*** SUPPLIED MATERIAL Section Begins ***
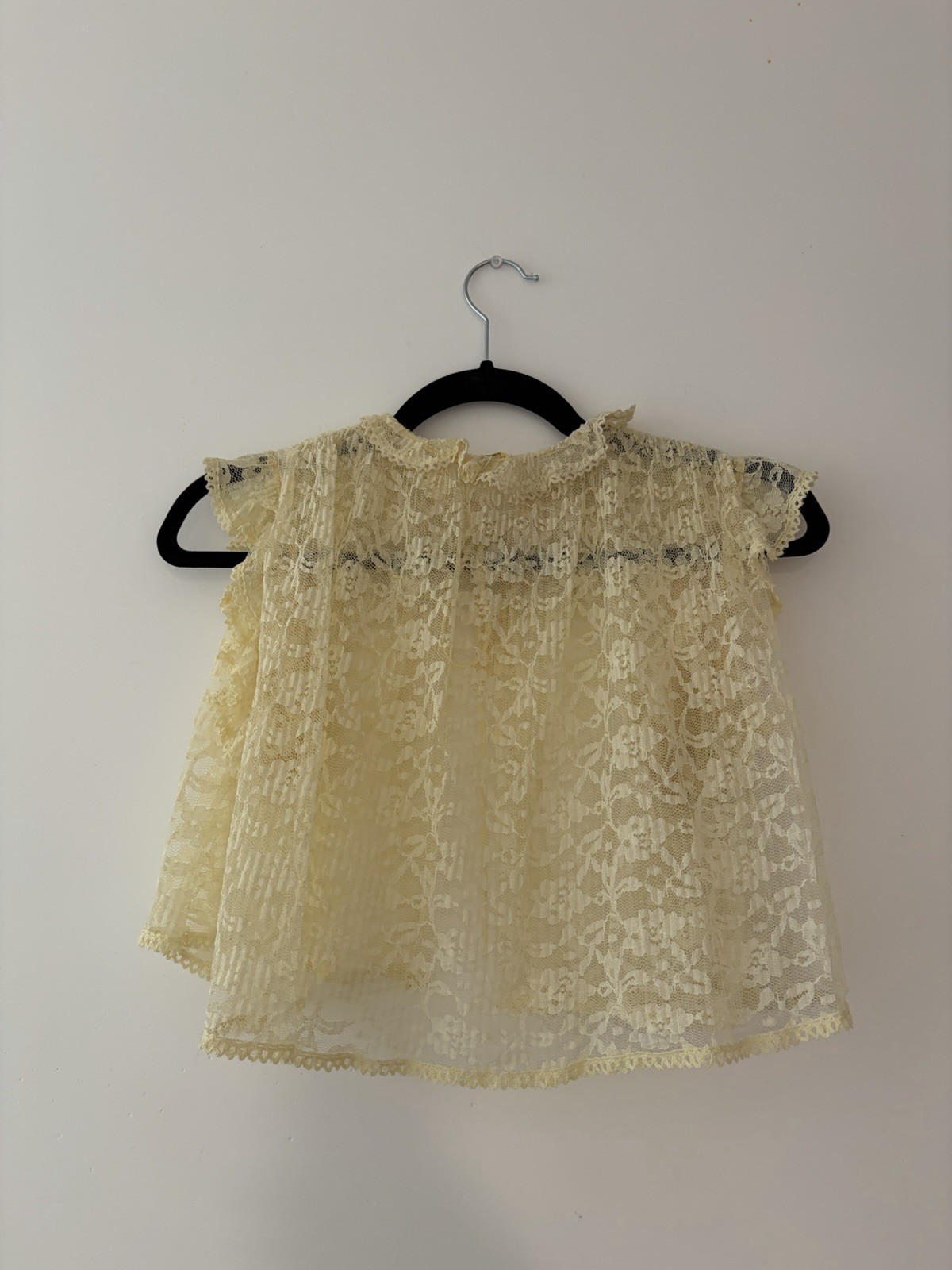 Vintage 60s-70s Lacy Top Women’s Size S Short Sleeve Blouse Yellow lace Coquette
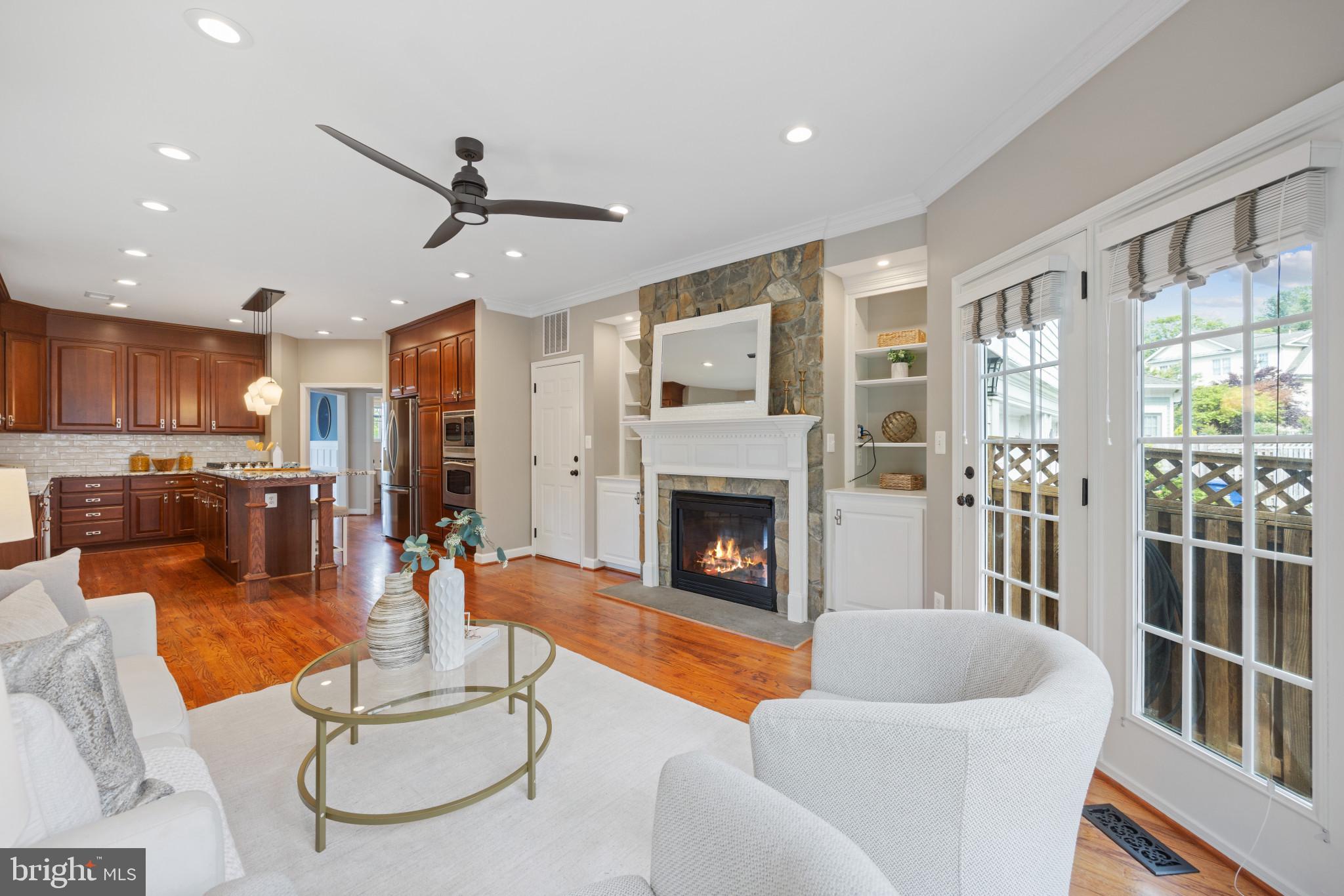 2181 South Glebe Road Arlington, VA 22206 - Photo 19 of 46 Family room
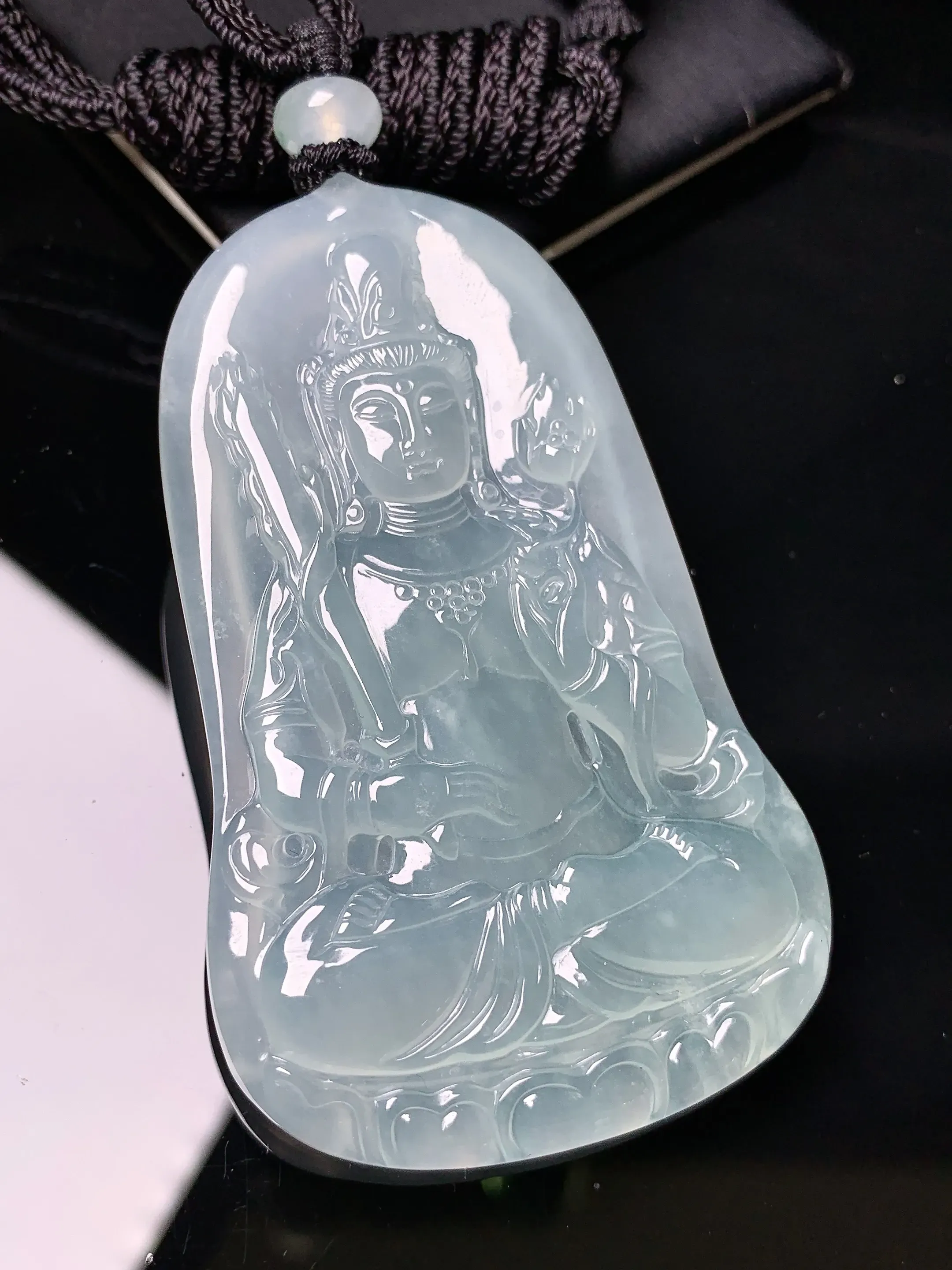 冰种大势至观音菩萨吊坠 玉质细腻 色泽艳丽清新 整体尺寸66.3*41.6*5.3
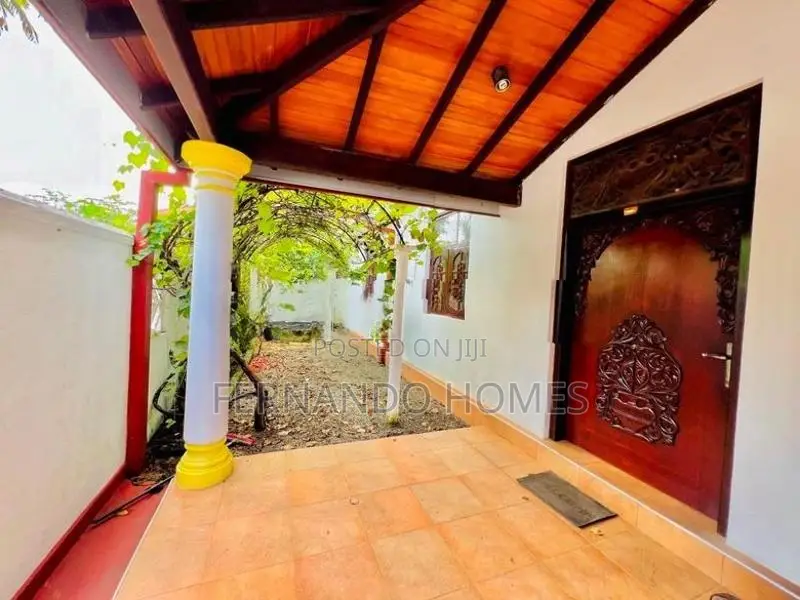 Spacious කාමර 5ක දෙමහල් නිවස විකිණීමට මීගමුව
*** SUPPLIED MATERIAL Section Ends ***
*** SUPPLIED MATERIAL Section Begins ***
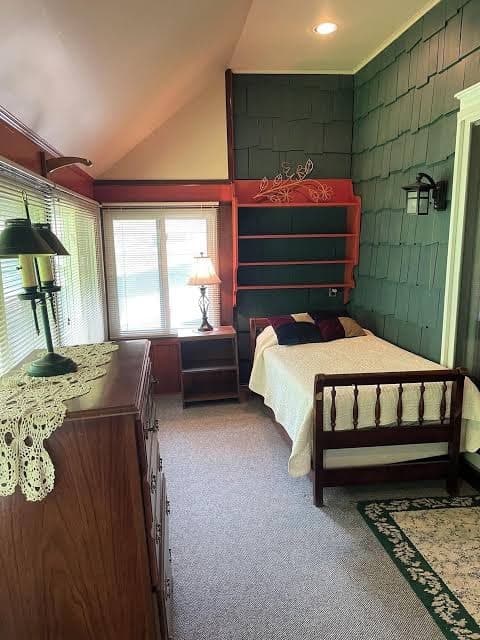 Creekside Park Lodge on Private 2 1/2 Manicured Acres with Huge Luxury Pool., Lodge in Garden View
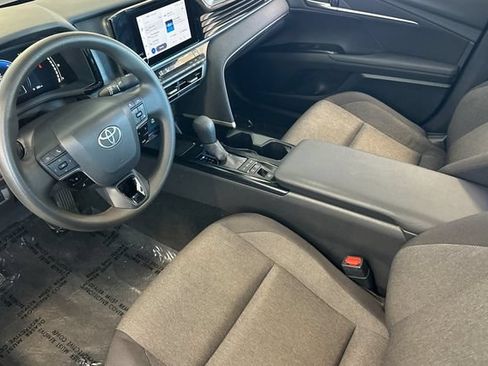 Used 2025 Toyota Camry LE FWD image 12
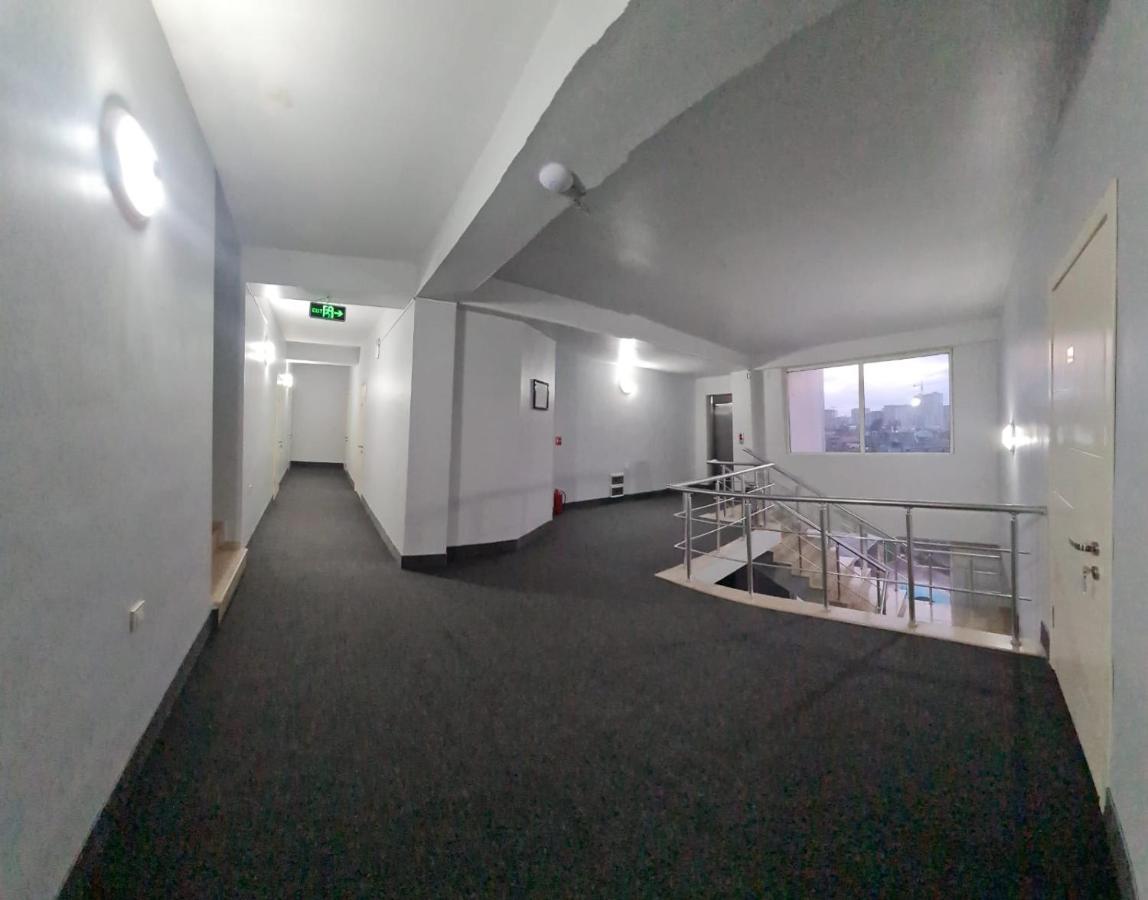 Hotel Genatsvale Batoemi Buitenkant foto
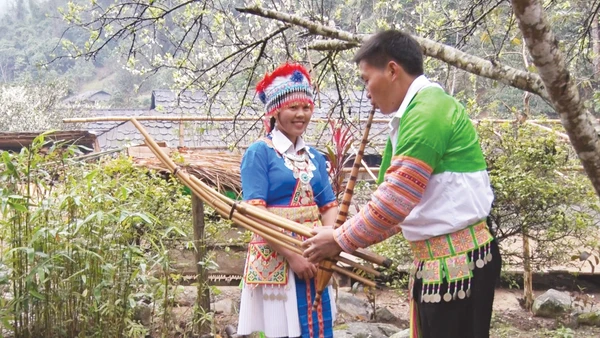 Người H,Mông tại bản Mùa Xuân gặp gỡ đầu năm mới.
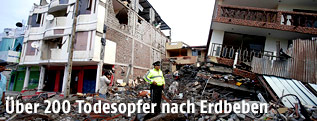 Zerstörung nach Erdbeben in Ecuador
*** SUPPLIED MATERIAL Section Ends ***
Everything from the line with "2181 South Glebe" through the line with "Spacious කාමර 5ක දෙමහල් නිවස විකිණීමට මීගමුව" in the material above should be transcribed exactly, except the pictures.

 2181 South Glebe Road Arlington, VA 22206 - Photo 19 of 46 Family room
 冰种大势至观音菩萨吊坠 玉质细腻 色泽艳丽清新 整体尺寸66.3*41.6*5.3
 Spacious කාමර 5ක දෙමහල් නිවස විකිණීමට මීගමුව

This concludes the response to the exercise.